### Exercise aim
Could you filter the data below down to the lines that hold the word "Design"?

### Exercise data
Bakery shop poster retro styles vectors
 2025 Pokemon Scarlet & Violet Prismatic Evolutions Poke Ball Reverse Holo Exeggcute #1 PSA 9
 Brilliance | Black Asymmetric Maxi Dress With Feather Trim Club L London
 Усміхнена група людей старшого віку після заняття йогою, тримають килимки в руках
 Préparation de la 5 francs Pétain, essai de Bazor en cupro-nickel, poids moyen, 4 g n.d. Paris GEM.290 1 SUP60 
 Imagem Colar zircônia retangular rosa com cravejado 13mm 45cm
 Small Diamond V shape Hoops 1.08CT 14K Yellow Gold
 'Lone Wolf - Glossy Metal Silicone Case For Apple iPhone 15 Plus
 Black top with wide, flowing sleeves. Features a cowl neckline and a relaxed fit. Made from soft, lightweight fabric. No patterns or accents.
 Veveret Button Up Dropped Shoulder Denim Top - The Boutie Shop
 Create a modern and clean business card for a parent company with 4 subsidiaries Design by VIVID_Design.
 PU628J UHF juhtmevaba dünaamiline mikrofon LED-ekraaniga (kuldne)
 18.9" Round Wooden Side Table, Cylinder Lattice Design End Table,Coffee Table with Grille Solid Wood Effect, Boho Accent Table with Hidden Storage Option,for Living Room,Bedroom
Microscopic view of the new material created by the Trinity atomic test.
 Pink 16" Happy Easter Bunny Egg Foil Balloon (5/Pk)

### Answer to this exercise
 Create a modern and clean business card for a parent company with 4 subsidiaries Design by VIVID_Design.
 18.9" Round Wooden Side Table, Cylinder Lattice Design End Table,Coffee Table with Grille Solid Wood Effect, Boho Accent Table with Hidden Storage Option,for Living Room,Bedroom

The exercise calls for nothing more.